Data for review ->
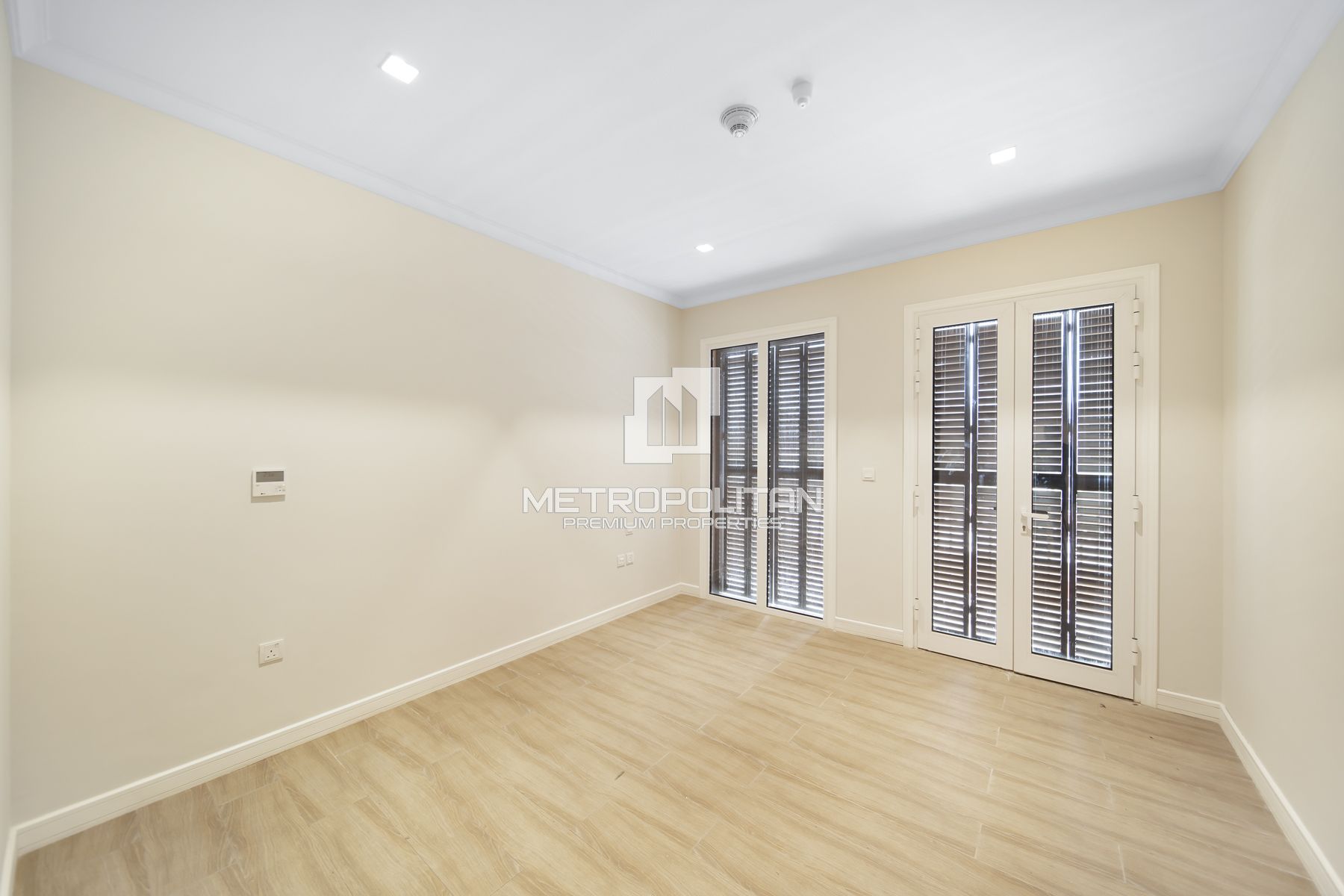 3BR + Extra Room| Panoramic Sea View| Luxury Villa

---

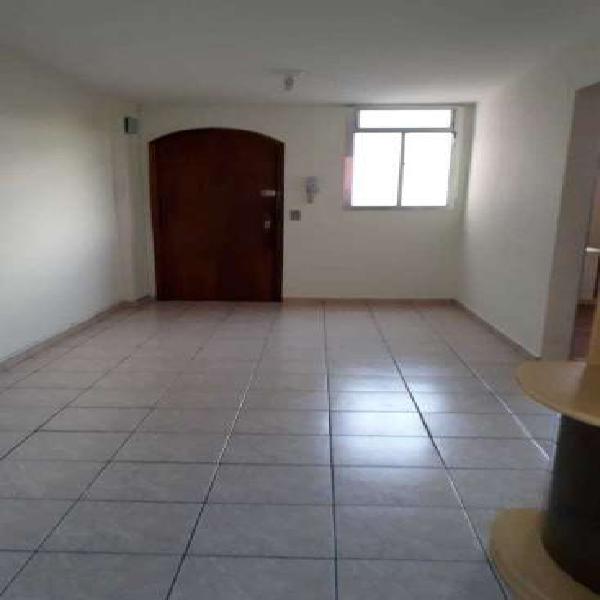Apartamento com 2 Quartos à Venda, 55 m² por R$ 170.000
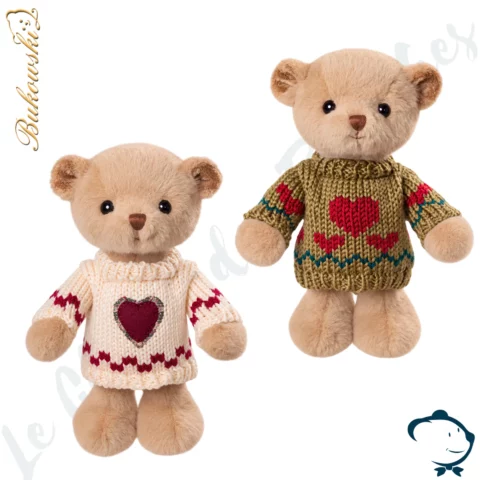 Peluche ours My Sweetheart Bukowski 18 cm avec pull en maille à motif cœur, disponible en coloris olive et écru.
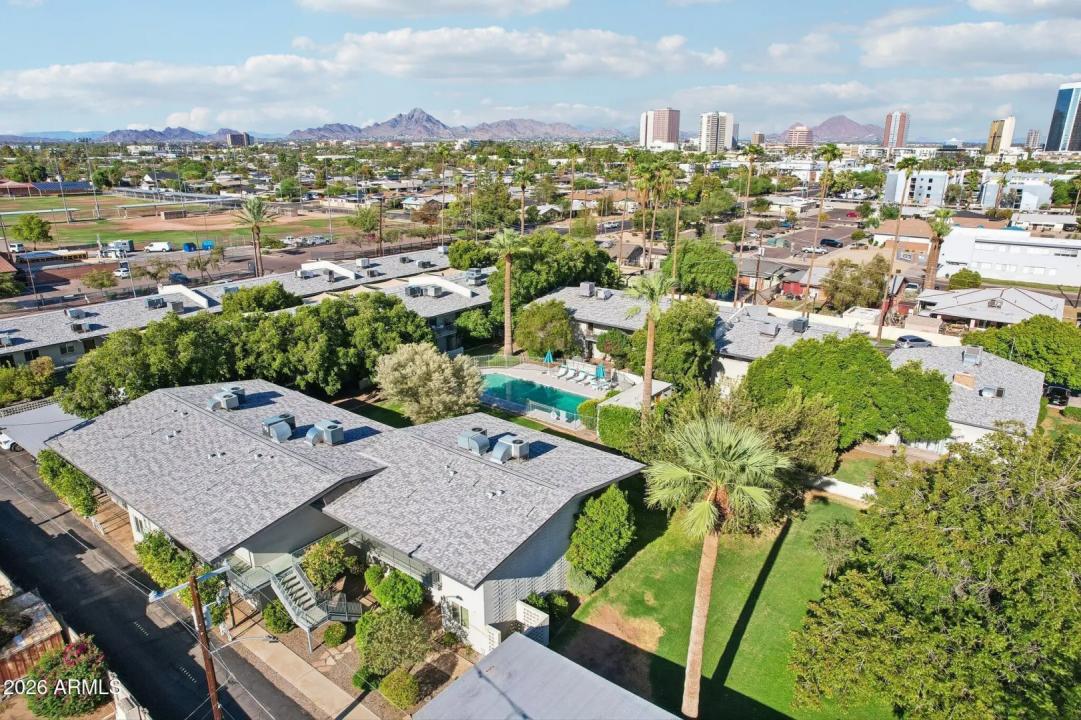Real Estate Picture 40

--

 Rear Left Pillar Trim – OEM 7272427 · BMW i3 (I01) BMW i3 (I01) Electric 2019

Task directions -> Of the lines above, copy only those from the one holding "Apartamento com 2" to the one holding "Real Estate Picture 40", both included, and exclude every image.

Task result ->
Apartamento com 2 Quartos à Venda, 55 m² por R$ 170.000
 Peluche ours My Sweetheart Bukowski 18 cm avec pull en maille à motif cœur, disponible en coloris olive et écru.
Real Estate Picture 40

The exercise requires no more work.